**Task brief**.
I would like you to print all the records below exactly as they are.

Dataset records:

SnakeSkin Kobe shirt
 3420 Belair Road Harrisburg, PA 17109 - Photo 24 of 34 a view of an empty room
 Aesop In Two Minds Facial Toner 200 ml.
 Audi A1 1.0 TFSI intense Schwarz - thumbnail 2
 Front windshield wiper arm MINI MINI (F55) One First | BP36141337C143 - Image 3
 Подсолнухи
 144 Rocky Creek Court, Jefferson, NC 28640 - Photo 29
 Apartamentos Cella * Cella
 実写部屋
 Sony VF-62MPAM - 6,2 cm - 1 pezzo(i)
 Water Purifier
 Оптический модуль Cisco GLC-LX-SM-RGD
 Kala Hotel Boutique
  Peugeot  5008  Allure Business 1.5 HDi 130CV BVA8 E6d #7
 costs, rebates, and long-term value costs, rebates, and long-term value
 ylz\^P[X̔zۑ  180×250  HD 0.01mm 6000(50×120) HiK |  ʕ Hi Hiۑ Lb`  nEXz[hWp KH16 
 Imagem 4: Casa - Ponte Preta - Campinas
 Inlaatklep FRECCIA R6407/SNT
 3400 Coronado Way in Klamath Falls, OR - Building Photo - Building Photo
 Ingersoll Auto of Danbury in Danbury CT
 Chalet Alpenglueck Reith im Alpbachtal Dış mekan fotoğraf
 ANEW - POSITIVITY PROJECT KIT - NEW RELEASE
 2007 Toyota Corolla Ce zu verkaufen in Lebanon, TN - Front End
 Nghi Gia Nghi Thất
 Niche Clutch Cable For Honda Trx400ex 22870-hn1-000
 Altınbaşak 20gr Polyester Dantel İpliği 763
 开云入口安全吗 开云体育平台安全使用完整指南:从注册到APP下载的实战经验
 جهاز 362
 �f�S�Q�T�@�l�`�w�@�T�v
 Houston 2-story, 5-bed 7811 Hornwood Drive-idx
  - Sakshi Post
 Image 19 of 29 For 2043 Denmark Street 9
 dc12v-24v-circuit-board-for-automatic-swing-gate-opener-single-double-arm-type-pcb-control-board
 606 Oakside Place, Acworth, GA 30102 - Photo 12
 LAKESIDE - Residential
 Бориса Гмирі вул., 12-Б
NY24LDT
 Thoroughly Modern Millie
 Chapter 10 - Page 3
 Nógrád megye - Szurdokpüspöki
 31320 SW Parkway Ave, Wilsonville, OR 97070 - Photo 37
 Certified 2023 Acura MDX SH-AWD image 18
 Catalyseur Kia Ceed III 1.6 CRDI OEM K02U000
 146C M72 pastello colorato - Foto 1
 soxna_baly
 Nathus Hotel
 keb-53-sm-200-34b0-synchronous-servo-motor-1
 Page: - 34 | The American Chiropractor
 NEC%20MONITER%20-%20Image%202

**Written answer**.
SnakeSkin Kobe shirt
 3420 Belair Road Harrisburg, PA 17109 - Photo 24 of 34 a view of an empty room
 Aesop In Two Minds Facial Toner 200 ml.
 Audi A1 1.0 TFSI intense Schwarz - thumbnail 2
 Front windshield wiper arm MINI MINI (F55) One First | BP36141337C143 - Image 3
 Подсолнухи
 144 Rocky Creek Court, Jefferson, NC 28640 - Photo 29
 Apartamentos Cella * Cella
 実写部屋
 Sony VF-62MPAM - 6,2 cm - 1 pezzo(i)
 Water Purifier
 Оптический модуль Cisco GLC-LX-SM-RGD
 Kala Hotel Boutique
  Peugeot  5008  Allure Business 1.5 HDi 130CV BVA8 E6d #7
 costs, rebates, and long-term value costs, rebates, and long-term value
 ylz\^P[X̔zۑ  180×250  HD 0.01mm 6000(50×120) HiK |  ʕ Hi Hiۑ Lb`  nEXz[hWp KH16 
 Imagem 4: Casa - Ponte Preta - Campinas
 Inlaatklep FRECCIA R6407/SNT
 3400 Coronado Way in Klamath Falls, OR - Building Photo - Building Photo
 Ingersoll Auto of Danbury in Danbury CT
 Chalet Alpenglueck Reith im Alpbachtal Dış mekan fotoğraf
 ANEW - POSITIVITY PROJECT KIT - NEW RELEASE
 2007 Toyota Corolla Ce zu verkaufen in Lebanon, TN - Front End
 Nghi Gia Nghi Thất
 Niche Clutch Cable For Honda Trx400ex 22870-hn1-000
 Altınbaşak 20gr Polyester Dantel İpliği 763
 开云入口安全吗 开云体育平台安全使用完整指南:从注册到APP下载的实战经验
 جهاز 362
 �f�S�Q�T�@�l�`�w�@�T�v
 Houston 2-story, 5-bed 7811 Hornwood Drive-idx
  - Sakshi Post
 Image 19 of 29 For 2043 Denmark Street 9
 dc12v-24v-circuit-board-for-automatic-swing-gate-opener-single-double-arm-type-pcb-control-board
 606 Oakside Place, Acworth, GA 30102 - Photo 12
 LAKESIDE - Residential
 Бориса Гмирі вул., 12-Б
NY24LDT
 Thoroughly Modern Millie
 Chapter 10 - Page 3
 Nógrád megye - Szurdokpüspöki
 31320 SW Parkway Ave, Wilsonville, OR 97070 - Photo 37
 Certified 2023 Acura MDX SH-AWD image 18
 Catalyseur Kia Ceed III 1.6 CRDI OEM K02U000
 146C M72 pastello colorato - Foto 1
 soxna_baly
 Nathus Hotel
 keb-53-sm-200-34b0-synchronous-servo-motor-1
 Page: - 34 | The American Chiropractor
 NEC%20MONITER%20-%20Image%202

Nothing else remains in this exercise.